Neste trecho, Valério defende que o PT fez todo o possível para avançar nas mobilizações, mas o problema está na disposição de luta do povo. Vejam onde chegamos. Poderiam ser escritas páginas e páginas demonstrando o contrário, poderíamos pensar na convocação de uma mobilização nacional em dia de semana, poderíamos planejar um grande ato em Brasília, são inúmeras as possibilidades. Não adiantaria, para a Resistência as direções “quietistas” já tentaram de tudo, fizeram o máximo que puderam, mas as massas não estão dispostas a lutar contra Bolsonaro.
Esta aderência ao petismo é tão evidente que obriga a Resistência a assinar embaixo de qualquer louvor aos antigos governos do PT em nome de tal unidade, como no texto recente também assinado por Valério[5]:
Até o golpe de 2016, o Brasil caminhava para comemorar os 200 anos de Independência de cabeça erguida. O país enfrentava desafios tão importantes como sair do mapa da fome, expandir o nível de emprego, financiar a educação e a saúde com as riquezas do pré-sal, ampliar o mercado interno e conquistar protagonismo internacional.
Parece inacreditável, mas os camaradas da Resistência subscrevem esta posição na Folha de São Paulo sem nenhum constrangimento, mudando de posição tão profundamente e sem nenhuma vacilação.

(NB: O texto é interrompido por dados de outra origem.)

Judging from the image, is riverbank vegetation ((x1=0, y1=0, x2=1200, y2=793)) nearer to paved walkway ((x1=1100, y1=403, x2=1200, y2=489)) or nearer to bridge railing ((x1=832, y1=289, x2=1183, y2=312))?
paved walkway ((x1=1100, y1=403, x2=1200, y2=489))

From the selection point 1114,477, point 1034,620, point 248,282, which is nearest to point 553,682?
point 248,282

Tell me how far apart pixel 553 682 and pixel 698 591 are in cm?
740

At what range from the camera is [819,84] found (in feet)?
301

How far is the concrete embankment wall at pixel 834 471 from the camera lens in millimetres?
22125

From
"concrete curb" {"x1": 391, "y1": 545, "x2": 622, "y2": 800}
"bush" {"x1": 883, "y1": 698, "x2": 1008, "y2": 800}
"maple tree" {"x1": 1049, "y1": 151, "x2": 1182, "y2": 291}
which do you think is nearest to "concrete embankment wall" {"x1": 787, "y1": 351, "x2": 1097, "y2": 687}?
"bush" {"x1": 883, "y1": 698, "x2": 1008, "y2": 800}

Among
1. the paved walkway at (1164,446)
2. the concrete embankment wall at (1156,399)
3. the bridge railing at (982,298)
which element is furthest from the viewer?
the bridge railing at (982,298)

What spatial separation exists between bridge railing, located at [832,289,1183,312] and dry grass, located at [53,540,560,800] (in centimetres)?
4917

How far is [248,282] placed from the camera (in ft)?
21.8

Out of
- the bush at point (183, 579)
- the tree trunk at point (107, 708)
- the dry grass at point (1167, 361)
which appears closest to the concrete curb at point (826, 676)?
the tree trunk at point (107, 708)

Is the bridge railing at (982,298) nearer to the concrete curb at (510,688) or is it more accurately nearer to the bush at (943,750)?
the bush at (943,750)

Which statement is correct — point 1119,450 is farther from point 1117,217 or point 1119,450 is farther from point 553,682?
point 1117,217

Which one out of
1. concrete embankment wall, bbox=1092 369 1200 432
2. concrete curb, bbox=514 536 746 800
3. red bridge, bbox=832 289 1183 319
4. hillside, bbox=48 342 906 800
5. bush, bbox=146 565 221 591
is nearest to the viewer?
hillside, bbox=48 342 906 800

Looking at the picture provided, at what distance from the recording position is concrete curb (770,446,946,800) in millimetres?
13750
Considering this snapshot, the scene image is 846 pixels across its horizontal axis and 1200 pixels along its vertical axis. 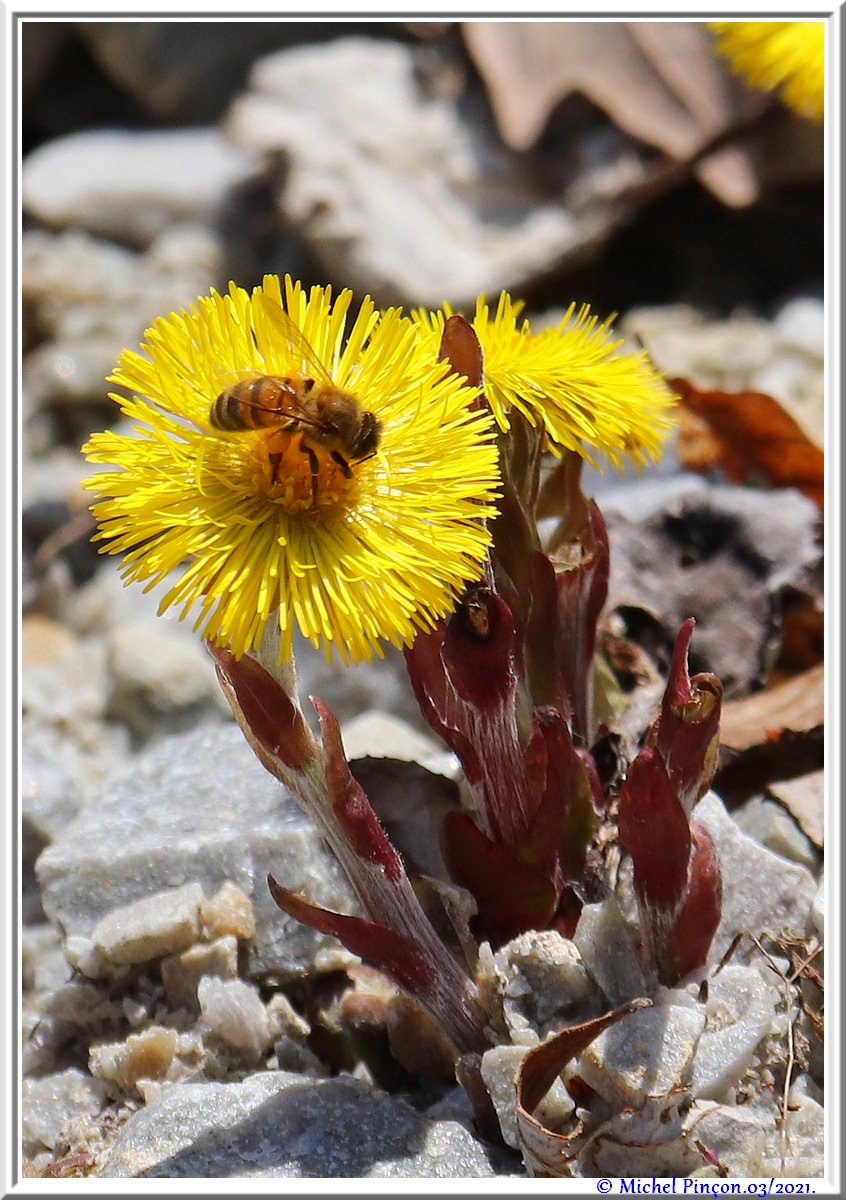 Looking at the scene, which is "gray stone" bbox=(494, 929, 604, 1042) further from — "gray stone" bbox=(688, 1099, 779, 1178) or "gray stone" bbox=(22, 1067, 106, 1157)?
"gray stone" bbox=(22, 1067, 106, 1157)

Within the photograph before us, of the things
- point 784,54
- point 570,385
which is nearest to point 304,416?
point 570,385

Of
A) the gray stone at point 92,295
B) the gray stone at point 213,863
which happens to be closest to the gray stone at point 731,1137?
the gray stone at point 213,863

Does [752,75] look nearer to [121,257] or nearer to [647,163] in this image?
[647,163]

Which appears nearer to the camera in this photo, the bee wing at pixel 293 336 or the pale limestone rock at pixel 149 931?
the bee wing at pixel 293 336

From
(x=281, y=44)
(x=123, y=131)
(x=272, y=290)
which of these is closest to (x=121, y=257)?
(x=123, y=131)

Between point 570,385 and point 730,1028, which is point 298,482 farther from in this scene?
point 730,1028

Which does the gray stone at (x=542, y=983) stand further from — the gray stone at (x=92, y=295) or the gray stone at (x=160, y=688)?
the gray stone at (x=92, y=295) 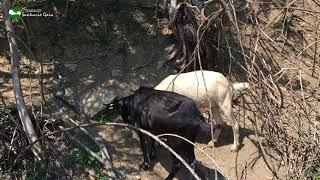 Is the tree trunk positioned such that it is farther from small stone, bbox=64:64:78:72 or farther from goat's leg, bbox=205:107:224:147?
goat's leg, bbox=205:107:224:147

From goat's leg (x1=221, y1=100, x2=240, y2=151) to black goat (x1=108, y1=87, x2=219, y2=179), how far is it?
787mm

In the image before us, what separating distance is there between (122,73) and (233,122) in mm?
2001

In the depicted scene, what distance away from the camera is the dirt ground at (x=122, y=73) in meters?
7.32

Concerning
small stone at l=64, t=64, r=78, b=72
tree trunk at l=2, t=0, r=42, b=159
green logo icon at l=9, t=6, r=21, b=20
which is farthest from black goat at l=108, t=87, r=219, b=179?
green logo icon at l=9, t=6, r=21, b=20

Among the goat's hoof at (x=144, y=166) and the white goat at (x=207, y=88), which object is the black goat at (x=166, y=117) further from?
the white goat at (x=207, y=88)

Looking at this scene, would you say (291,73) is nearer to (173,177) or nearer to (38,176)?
(173,177)

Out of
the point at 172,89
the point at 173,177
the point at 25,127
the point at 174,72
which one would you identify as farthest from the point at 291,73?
the point at 25,127

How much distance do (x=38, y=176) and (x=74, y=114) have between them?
52.0 inches

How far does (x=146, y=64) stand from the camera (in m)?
8.56

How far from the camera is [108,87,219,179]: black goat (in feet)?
21.5

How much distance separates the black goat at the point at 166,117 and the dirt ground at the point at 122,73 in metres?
0.40

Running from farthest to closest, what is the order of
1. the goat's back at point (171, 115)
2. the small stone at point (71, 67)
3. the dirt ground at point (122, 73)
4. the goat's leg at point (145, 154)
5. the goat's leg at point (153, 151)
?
the small stone at point (71, 67) → the dirt ground at point (122, 73) → the goat's leg at point (153, 151) → the goat's leg at point (145, 154) → the goat's back at point (171, 115)

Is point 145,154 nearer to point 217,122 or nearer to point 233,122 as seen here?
point 217,122

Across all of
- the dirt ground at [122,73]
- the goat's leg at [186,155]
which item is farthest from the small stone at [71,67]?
the goat's leg at [186,155] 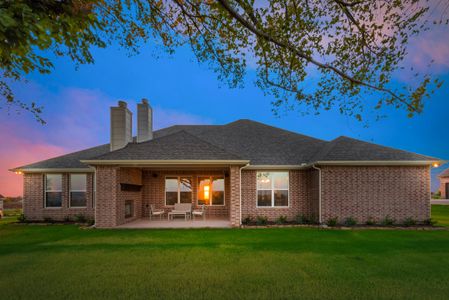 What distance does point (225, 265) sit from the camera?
6570mm

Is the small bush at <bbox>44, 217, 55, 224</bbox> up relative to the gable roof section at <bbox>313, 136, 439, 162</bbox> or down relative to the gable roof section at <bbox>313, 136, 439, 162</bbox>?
down

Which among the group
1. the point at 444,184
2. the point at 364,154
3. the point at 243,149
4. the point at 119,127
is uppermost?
the point at 119,127

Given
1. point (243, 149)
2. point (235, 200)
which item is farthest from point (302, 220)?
point (243, 149)

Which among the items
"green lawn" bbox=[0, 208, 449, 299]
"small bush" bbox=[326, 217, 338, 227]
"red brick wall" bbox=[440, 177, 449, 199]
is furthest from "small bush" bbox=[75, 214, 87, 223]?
"red brick wall" bbox=[440, 177, 449, 199]

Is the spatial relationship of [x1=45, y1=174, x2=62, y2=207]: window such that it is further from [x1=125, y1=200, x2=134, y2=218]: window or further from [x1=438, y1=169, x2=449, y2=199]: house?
[x1=438, y1=169, x2=449, y2=199]: house

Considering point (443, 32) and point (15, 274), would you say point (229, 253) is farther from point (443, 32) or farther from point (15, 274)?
point (443, 32)

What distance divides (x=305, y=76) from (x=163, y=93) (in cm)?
14625

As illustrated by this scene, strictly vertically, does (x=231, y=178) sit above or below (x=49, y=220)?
above

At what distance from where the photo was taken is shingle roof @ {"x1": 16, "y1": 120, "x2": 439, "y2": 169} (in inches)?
488

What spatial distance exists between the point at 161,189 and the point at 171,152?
4.76m

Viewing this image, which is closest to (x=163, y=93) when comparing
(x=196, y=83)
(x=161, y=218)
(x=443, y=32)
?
(x=196, y=83)

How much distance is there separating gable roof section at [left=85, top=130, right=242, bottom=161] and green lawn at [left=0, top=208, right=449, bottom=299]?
3.33 metres

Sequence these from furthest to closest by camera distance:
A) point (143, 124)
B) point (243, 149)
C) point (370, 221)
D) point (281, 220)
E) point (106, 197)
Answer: point (143, 124) < point (243, 149) < point (281, 220) < point (370, 221) < point (106, 197)

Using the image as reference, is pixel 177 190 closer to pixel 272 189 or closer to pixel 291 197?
pixel 272 189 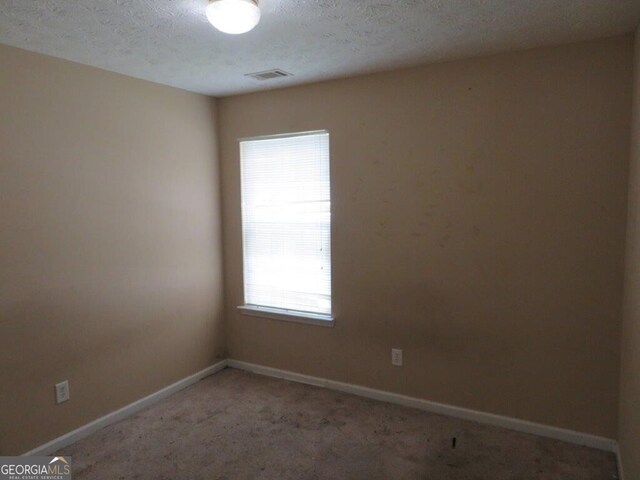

Isso não é menor, afinal se “o Brasil caminhava de cabeça erguida” e o país “enfrentava desafios tão importantes como sair do mapa da fome, expandir o nível de emprego, financiar a educação e a saúde, ampliar o mercado interno e conquistar o protagonismo internacional”, qual foi a razão de existir do PSOL nesses anos todos? É uma argumentação totalmente falaciosa que a Resistência aceita tranquilamente.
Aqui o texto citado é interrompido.